Münster, Samstag, 29. Januar 1938
11.00 Uhr Feier der Uni in der Stadthalle. – Buntes Bild. – Hans Wahmhoff wird als erster Preisträger über „Kampf und Friede beim heiligen Paulus“ genannt. Ich freue mich. Der Tag wurde „toll“ gefeiert im C. B. [Collegium Borromaeum].

Ende Mai 1939 wurde bei Karl Leisner eine offene Lungentuberkulose festgestellt und er kam zur Heilung in das Lungensanatorium Fürstabt-Gerbert-Haus in St. Blasien. Dort blieb er bis zu seiner Verhaftung am 9. November 1939. Heinrich Huyeng besuchte ihn dort und schrieb ihm zu seinem Namenstag.

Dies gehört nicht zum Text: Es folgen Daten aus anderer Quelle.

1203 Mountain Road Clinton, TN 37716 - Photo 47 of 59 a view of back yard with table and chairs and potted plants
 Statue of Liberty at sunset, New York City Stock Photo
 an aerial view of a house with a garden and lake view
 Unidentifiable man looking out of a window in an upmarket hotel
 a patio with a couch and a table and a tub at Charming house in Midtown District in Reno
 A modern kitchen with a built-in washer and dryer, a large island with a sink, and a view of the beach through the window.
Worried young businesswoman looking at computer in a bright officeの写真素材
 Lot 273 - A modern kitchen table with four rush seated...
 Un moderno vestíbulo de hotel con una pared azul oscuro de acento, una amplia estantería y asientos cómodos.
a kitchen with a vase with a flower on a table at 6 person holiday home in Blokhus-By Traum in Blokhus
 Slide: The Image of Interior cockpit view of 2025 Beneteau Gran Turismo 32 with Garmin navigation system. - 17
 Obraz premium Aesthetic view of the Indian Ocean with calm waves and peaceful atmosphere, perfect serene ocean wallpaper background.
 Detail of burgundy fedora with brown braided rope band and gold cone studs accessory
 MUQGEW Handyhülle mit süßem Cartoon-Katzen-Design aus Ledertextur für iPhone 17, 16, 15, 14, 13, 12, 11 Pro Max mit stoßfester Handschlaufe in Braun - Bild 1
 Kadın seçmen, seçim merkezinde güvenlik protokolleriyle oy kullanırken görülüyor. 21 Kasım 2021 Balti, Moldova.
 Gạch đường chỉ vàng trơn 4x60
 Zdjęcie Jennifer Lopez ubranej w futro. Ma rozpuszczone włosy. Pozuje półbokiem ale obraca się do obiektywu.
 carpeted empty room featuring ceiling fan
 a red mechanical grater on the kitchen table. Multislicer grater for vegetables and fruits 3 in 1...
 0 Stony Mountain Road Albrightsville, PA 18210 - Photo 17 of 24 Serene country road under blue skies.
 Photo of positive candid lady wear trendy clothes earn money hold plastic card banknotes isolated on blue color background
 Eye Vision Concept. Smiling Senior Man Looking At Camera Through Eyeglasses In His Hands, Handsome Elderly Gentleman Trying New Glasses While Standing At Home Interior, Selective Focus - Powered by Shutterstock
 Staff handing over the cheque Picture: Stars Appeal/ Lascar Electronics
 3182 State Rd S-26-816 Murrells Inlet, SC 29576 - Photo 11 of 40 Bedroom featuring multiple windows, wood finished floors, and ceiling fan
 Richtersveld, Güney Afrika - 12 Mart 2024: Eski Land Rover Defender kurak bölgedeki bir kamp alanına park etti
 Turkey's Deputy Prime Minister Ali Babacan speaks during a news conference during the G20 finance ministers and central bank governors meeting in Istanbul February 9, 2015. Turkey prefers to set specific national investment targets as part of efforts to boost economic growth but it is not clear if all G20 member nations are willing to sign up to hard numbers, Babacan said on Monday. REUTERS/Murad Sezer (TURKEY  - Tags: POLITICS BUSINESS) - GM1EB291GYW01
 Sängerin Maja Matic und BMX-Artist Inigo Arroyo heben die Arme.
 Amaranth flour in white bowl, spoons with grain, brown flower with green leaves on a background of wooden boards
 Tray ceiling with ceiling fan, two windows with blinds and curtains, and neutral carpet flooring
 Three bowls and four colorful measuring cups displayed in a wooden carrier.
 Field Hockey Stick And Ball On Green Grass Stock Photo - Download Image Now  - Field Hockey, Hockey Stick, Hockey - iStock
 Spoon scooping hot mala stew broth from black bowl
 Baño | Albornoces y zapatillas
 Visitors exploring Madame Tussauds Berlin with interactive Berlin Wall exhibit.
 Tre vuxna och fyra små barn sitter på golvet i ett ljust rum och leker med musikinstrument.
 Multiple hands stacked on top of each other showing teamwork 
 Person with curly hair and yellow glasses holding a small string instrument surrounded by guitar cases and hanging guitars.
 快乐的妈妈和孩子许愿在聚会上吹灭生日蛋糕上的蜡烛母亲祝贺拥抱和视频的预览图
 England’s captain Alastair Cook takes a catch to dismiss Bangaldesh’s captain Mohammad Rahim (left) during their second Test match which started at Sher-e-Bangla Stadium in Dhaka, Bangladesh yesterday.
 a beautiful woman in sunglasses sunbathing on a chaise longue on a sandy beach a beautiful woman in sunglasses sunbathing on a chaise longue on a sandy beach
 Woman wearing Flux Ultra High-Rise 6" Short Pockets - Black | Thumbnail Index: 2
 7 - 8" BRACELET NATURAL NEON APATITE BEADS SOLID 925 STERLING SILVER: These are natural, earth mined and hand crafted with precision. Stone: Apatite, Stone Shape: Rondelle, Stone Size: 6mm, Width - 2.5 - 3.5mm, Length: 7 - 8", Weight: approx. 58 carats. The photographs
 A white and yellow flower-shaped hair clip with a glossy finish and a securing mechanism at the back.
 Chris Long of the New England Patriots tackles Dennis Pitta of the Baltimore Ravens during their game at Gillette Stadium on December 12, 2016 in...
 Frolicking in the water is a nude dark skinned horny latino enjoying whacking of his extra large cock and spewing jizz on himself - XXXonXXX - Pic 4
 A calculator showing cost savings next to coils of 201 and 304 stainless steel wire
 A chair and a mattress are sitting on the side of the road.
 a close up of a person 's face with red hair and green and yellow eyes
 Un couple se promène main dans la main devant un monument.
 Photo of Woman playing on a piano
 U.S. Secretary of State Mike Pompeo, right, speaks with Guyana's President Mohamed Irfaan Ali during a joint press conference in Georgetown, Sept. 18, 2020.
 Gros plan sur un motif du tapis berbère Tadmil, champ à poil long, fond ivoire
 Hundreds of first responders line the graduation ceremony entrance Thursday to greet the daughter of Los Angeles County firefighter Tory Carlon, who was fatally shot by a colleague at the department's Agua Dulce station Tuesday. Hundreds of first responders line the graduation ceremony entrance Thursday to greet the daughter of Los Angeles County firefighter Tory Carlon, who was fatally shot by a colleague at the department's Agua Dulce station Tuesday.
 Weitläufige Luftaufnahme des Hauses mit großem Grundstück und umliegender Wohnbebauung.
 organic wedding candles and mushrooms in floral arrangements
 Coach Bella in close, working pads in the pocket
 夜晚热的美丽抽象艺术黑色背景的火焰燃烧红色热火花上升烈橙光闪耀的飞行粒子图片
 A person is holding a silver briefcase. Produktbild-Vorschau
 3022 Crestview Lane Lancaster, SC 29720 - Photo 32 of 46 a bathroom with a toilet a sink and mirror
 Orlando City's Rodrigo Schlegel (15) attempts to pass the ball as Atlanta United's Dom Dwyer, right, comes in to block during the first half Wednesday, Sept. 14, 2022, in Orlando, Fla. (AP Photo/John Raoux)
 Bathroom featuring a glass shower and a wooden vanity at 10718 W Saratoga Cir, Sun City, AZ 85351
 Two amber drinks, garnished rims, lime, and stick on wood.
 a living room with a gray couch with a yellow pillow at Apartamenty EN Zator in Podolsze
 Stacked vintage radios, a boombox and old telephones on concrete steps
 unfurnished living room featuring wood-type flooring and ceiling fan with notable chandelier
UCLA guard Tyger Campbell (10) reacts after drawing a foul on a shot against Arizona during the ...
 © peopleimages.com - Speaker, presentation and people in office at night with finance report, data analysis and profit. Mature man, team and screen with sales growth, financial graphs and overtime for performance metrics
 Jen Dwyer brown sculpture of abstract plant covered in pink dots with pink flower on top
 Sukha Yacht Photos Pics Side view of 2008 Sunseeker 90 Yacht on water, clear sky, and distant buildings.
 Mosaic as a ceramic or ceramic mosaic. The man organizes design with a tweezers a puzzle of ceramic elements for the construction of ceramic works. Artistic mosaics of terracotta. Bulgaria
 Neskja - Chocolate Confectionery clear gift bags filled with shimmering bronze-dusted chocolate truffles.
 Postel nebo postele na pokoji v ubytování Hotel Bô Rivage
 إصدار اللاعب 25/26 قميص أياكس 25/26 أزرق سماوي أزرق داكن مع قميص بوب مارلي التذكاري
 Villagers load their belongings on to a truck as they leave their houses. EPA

Karl Leisner aus St. Blasien am 5. November 1939 an seine Familie in Kleve:
Heinrich Huyeng schrieb mir sehr schön zum Namenstag. Er meint, bald in den Kohlenpott zu kommen.

Karl Leisner aus Dachau am 29. November 1941 an Heinrich Huyeng in Duisburg-Hamborn:
Lieber, werter Heinrich!
Nach zwei Jahren sollst Du wieder mal persönlich von mir hören. Vorerst danke ich Dir nochmals für Deinen herzlichen Geburtstagsgruß [Namenstagsgruß] damals nach St. Blasien. – Er hat mir die ersten Haftwochen sehr guten Dienst getan. Auch an Deinen und Ferdinands [Stegemanns] feinen Besuch in St. Blasien muß ich noch oft denken. Von ganzem Herzen wünsche ich Dir ein frohes Weihnachtsfest und glückselig Neujahr. Vielleicht sehn wir uns dann 1942 wieder. Empfehle uns Deinem brüderlichen Gedenken. Auch Deiner will ich mich jetzt im Advent besonders erinnern beim heiligen Opfer. Frohe Grüße! Dein Karl

Nach seiner Verhaftung am 9. November 1939 kam Karl Leisner über die Gefängnisse Freiburg und Mannheim sowie das KZ Sachsenhausen am 14. Dezember 1940 als Schutzhäftling in das KZ Dachau. Um in der Gefangenschaft nicht auf jegliche Verbindung mit seinen Verwandten und Freunden zu verzichten, suchte Karl Leisner durch Grüße und Glückwünsche zu den Gedenktagen den Kontakt mit ihnen zu halten.

Karl Leisner aus Dachau am 26. Juli 1941, dem Fest der Heiligen Anna, an seine Familie in Kleve:
Heute denke ich an Tante Änne [Henning]. Den lieben Hambornern [Familie Clemens Henning] besonders treue Grüße.

Karl Leisner aus Dachau am 16. Oktober 1943 an seine Familie in Kleve:
Sind [Heinrich] Brey und [Heinrich] Huyeng bisher [vom Militärdienst bzw. von Bedrängnissen durch die Nationalsozialisten] verschont geblieben?